SOURCE DATA:
═══

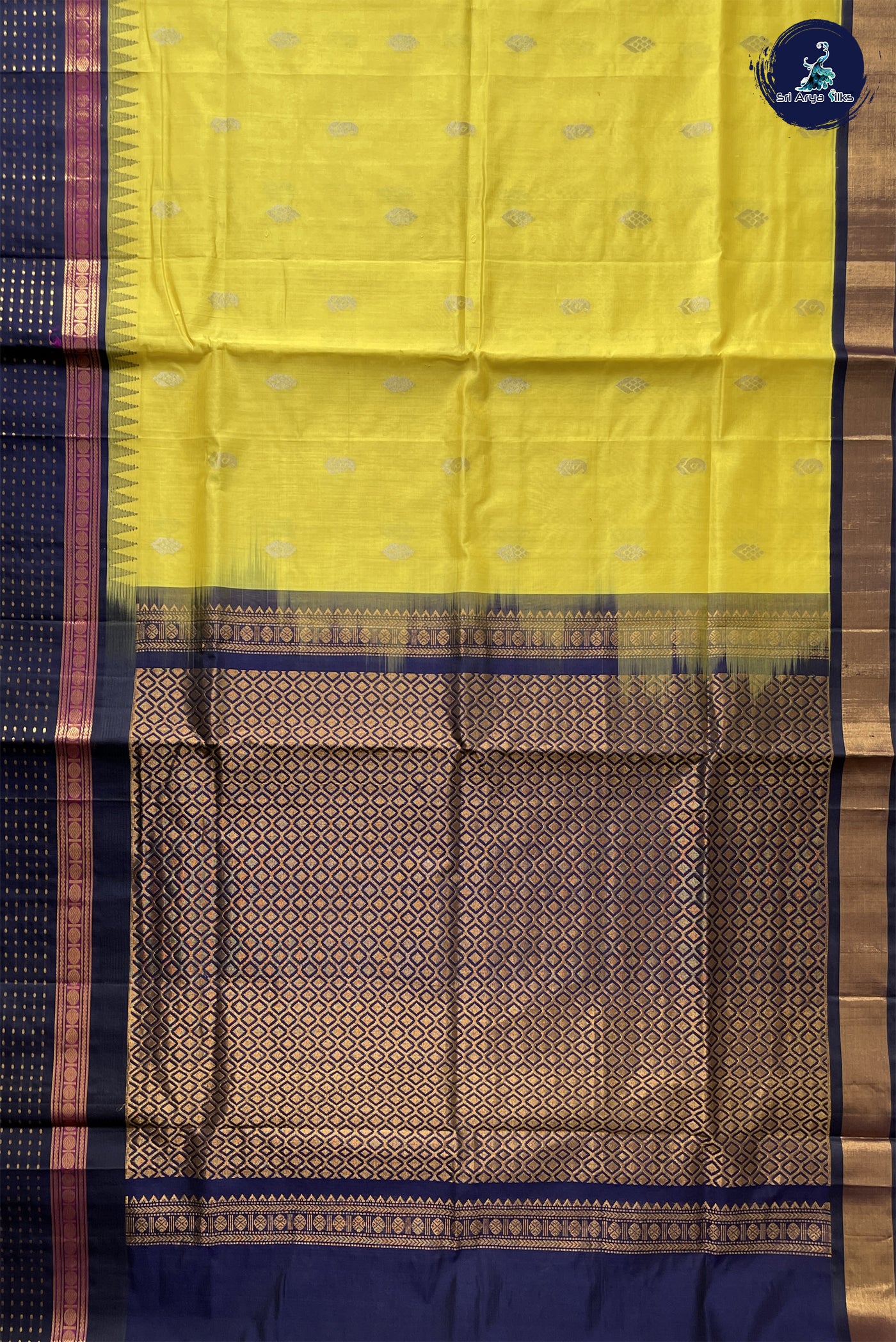 Lemon Yellow Kuppadam Silk Cotton Saree With Zari Buttas Pattern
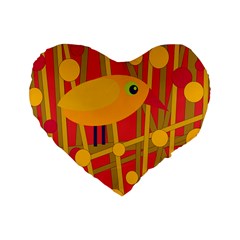 Yellow Bird Standard 16  Premium Heart Shape Cushions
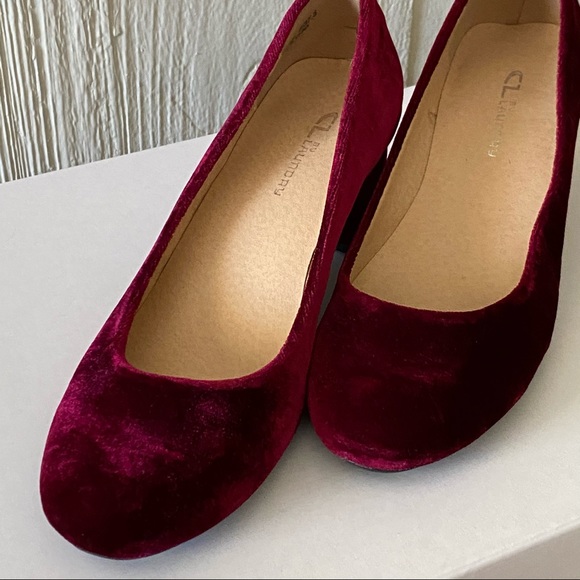 CL by Laundry Velvet Wine Block Heels Round Toe 7M - Picture 7 of 16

═══

EXERCISE PROMPT: This task calls for the lines from the line containing "Yellow Bird Standard" through the end of the listing, set down exactly and only, with pictures omitted.

RESPONSE:
 Yellow Bird Standard 16  Premium Heart Shape Cushions
 CL by Laundry Velvet Wine Block Heels Round Toe 7M - Picture 7 of 16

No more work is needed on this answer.